Charlie Raffa, Brendan Fowler

Charlie Raffa of Maryland, bottom, and Brendan Fowler of Duke vie for the ball during a faceoff in the third quarter March 1. Maryland won the game 10-6. (Kim Hairston, Baltimore Sun / March 1, 2014)

College lacrosse is becoming more like the NFL, where those in the sport want to make changes even though change isn't necessary.

There has been talk for years about changing the faceoff because some think it slows down the game. Most teams have faceoff specialists, and soon afterward they slow down the game or sub to get them off the field.

I have no problem with that.
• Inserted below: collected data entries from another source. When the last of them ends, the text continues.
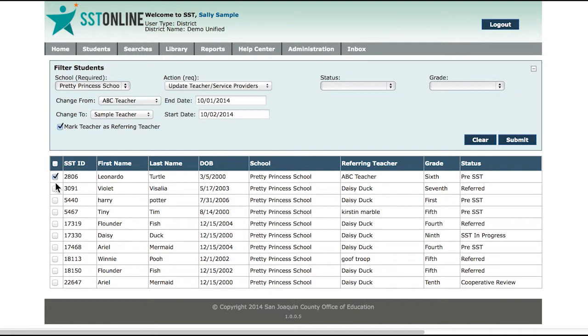Select the students that you would like to include and click Submit. Your update has now been completed.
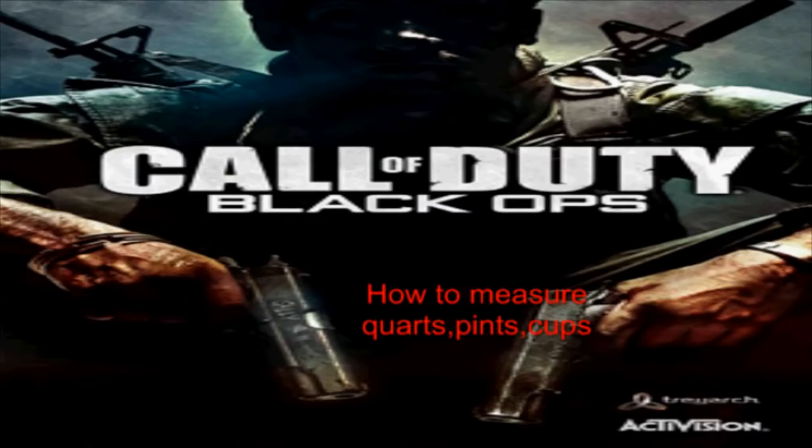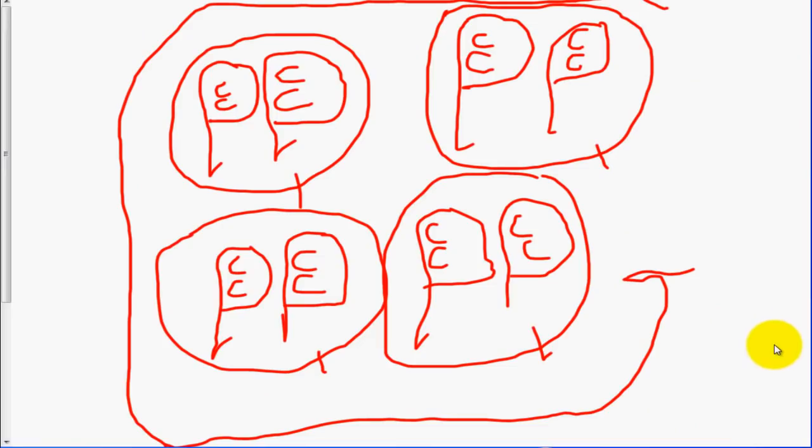Hello everyone! Today we will be learning how to measure quarts, pints, and cups.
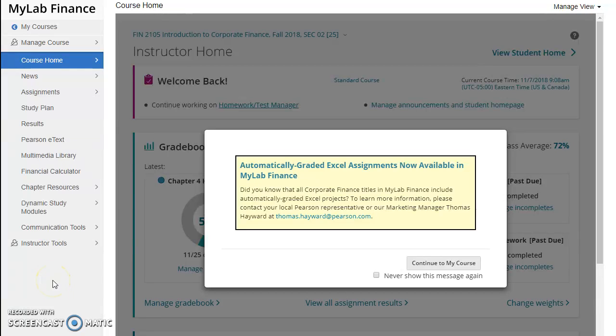Hi, this is Jay Jenkins with Pearson Education. In this video I'm going to show you how you can print a quiz from your MyLab.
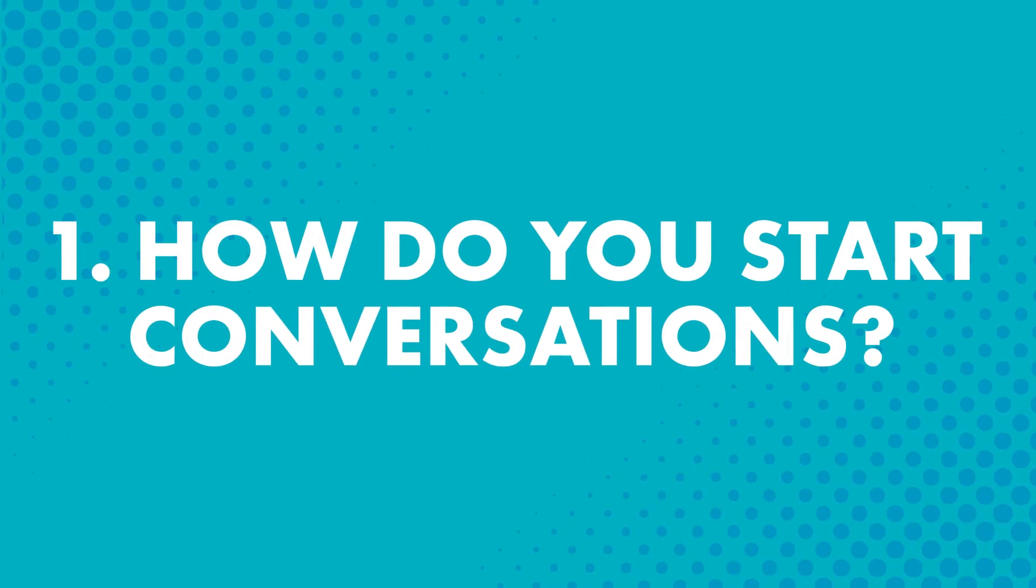First, how do you start conversations? Conversations can be hard to start, even in your native language. What do you say to a stranger? Maybe you need to ask someone for directions or call someone and make an appointment. You can't let your fears about conversations stop you. A solution? Talking points.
There are some who want to keep the faceoff specialists on the field until there is a whistle, and others who think the faceoff should be abolished or used like the jump ball in the NBA, where it comes into play only in a few situations, like at the start of a game.

I think the faceoff should stay without any changes. I like specialists in sports, just like NBA teams have the 3-point shooters and the NFL has third-down receivers or running backs. Controlling the faceoff allows some of the smaller Division I teams like Towson or Bryant to stay close and possibly defeat the traditional powers like Syracuse or Johns Hopkins.
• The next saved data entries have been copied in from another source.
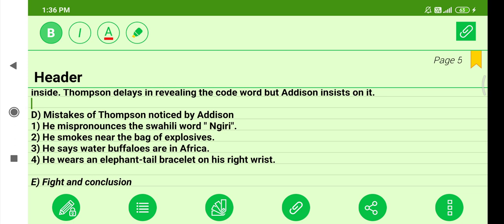When Edison Barnaby and Brian Thompson are conversing with each other inside the hotel room, Brian Thompson makes a list of mistakes. He mispronounces the Swahili word 'giri' — Swahili is an African language and 'giri' refers to a hog or animal. Thompson also smokes near the bag of explosives, another mistake. He says water buffaloes are in Africa, showing poor general knowledge. He also wears an elephant tail bracelet on his right wrist. These are the mistakes made by Brian Thompson.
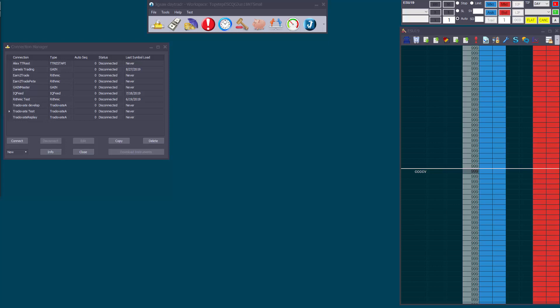Note that with Market Replay there is no data to download, it's already there on our servers. First thing you need to do is set up a replay connection in Connection Manager.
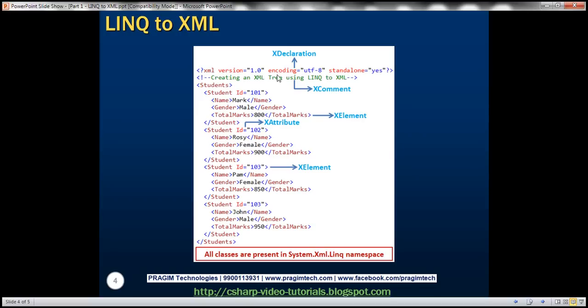To create an XML attribute we use the XAttribute class. All these classes are present in the namespace System.Xml.Linq. So let's see how to create this entire XML tree in a single statement.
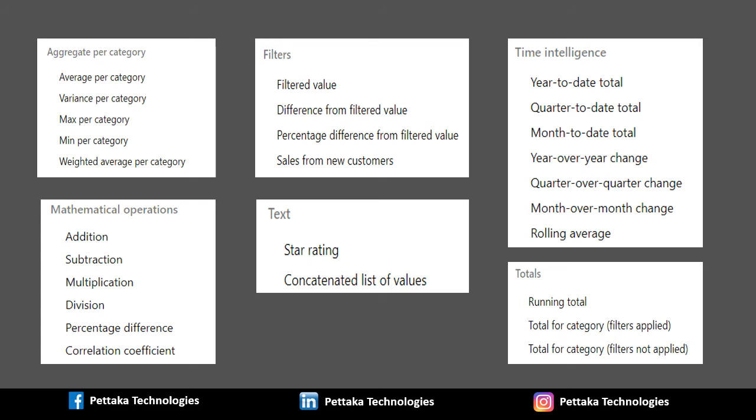Fourth category is Totals. It contains calculations like Running Total, Total for Category and Total for Category filters which is not applied.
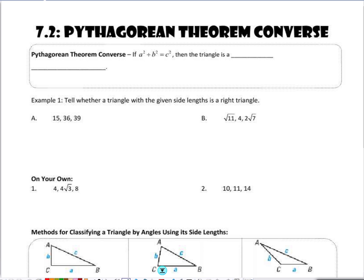This is a follow-up video after we learn the Pythagorean Theorem. We understand that the Pythagorean Theorem states that if I know a triangle is a right triangle, then I know that the corresponding side — the side that's the hypotenuse — squared, is equal to the leg squared plus the leg squared.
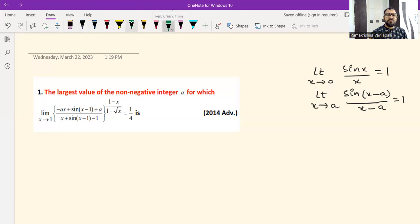Coming to the question: find the largest value of non-negative integer a for which the limit as x tends to 1 of [−ax + sin(x−1) + a] divided by [x · (x−1)^(−1)] raised to the power [(1−x)/(1−√x)] equals 1/4.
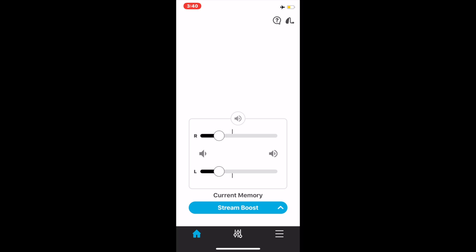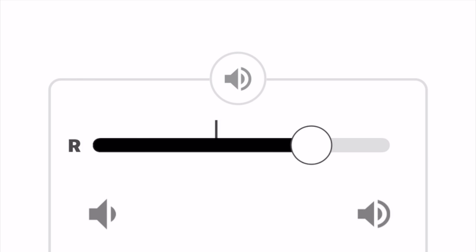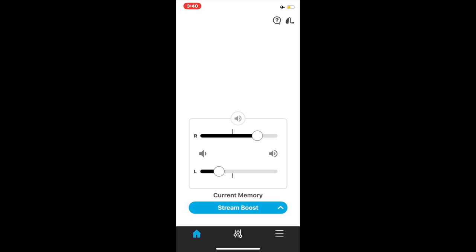At the bottom, you will see the box to adjust the volume control. By pressing and moving one circle, you can adjust the volume for one hearing aid.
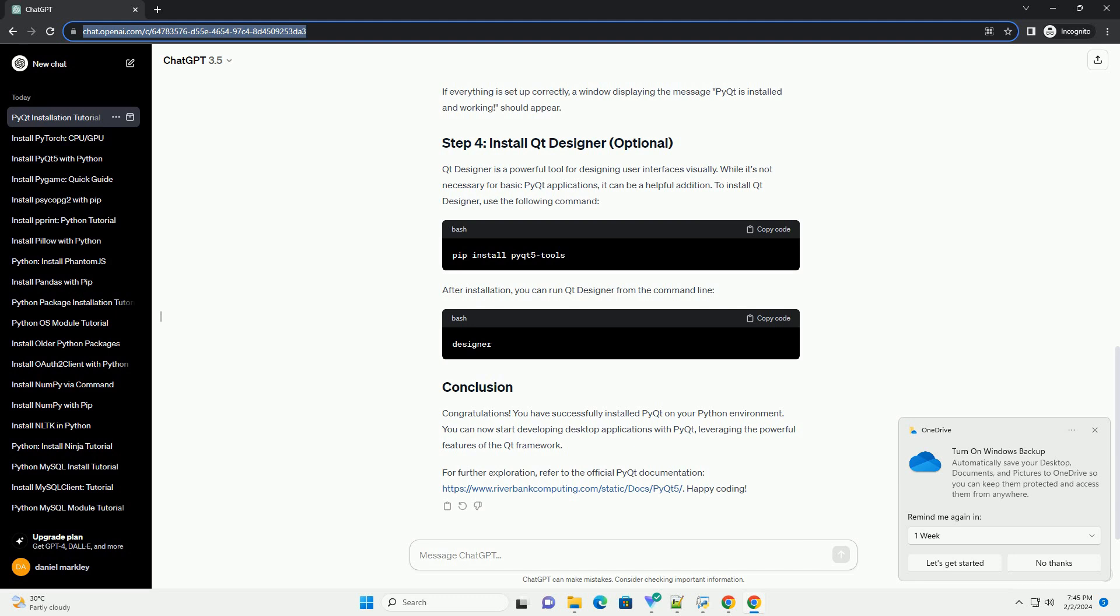You have successfully installed PyQt on your Python environment. You can now start developing desktop applications with PyQt, leveraging the powerful features of the Qt framework. For further exploration, refer to the official PyQt documentation at https://www.riverbankcomputing.com/static/docs/PyQt5. Happy coding!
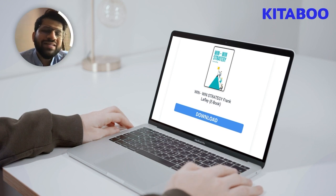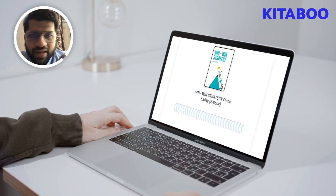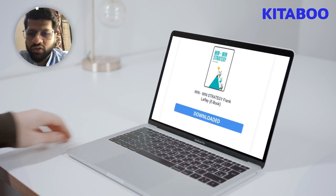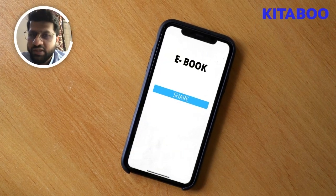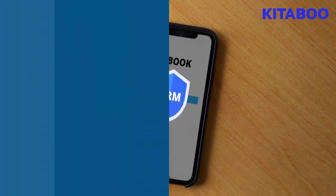By using DRM, publishers can restrict access to their ebooks, limiting the devices on which they can be read and preventing readers from sharing them with others. DRM also enables publishers to track their ebook sales and distribution, helping them to understand readers better and make informed decisions about their publishing strategies.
If the smaller school has a good FOGO (face off, get off) and goalie, then that school can possibly control the tempo and keep pace with bigger, faster and stronger teams. Parity is at an all-time high in college lacrosse, but if the faceoff is changed or taken out of the game, some of that parity will be taken away. College coaches who complain need to just do a better job of recruiting faceoff specialists. There are many to be spread around.